Das Erzbistum Köln steht vor einer Woche der Wahrheit

Kölner Dom

Das Erzbistum Köln hat mit seiner schleppenden Aufarbeitung des Missbrauchsskandals für die größte Krise der katholischen Kirche in Deutschland in den vergangenen Jahren gesorgt. Am kommenden Donnerstag nun soll mit der Veröffentlichung eines unabhängigen Gutachtens die Affäre endlich zu ihrem Ende kommen. Der in der Dauerkritik stehende Kardinal Rainer Maria Woelki kündigte vorab unmissverständlich an, etwaige Verantwortliche von ihren Aufgaben zu entbinden – sich selbst stellt er auch zur Disposition.

Der 18. März, an dem der von Woelki beauftragte Strafrechtler Björn Gercke sein Gutachten zum Aufarbeitungsprozess vorstellen soll, wird ein Schlüsseldatum. Ab diesem Tag sollen endlich klar Namen benannt werden bei der Suche nach Verantwortlichen für sexuellen Missbrauch im größten deutschen Bistum. 

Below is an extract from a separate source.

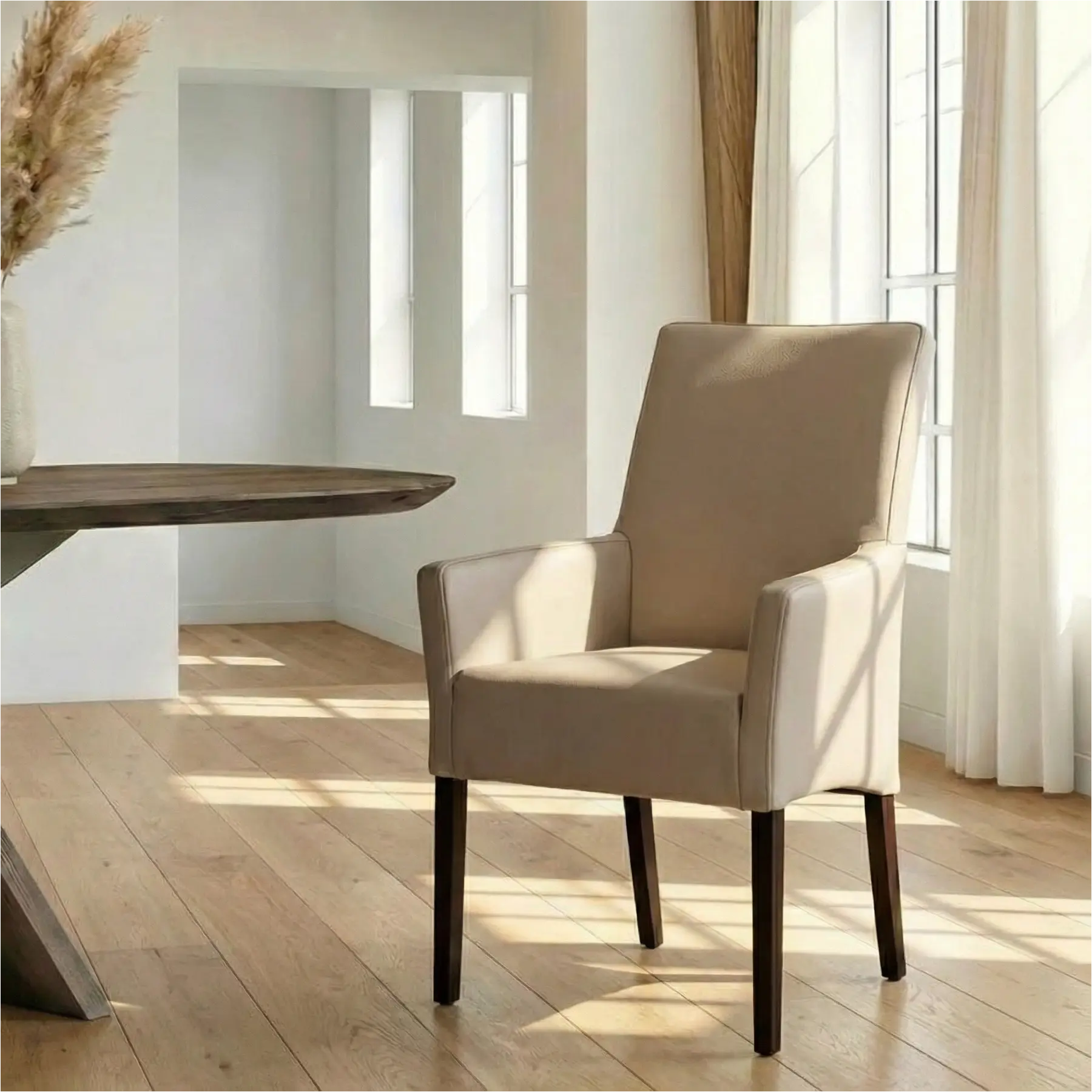 afbeelding van Leren eetkamerstoel Just met armleuning - Toledo Khaki (taupe/bruin) - Poten hout zwart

Am Donnerstag soll zunächst Gercke sein Gutachten vorstellen. In den folgenden Tagen will Woelki die Ergebnisse dann zusammen mit Gercke in den Kölner Gremien diskutieren. Am 23. März, also fünf Tage nach der Vorstellung des Gutachtens, will der Kardinal etwaige Konsequenzen benennen.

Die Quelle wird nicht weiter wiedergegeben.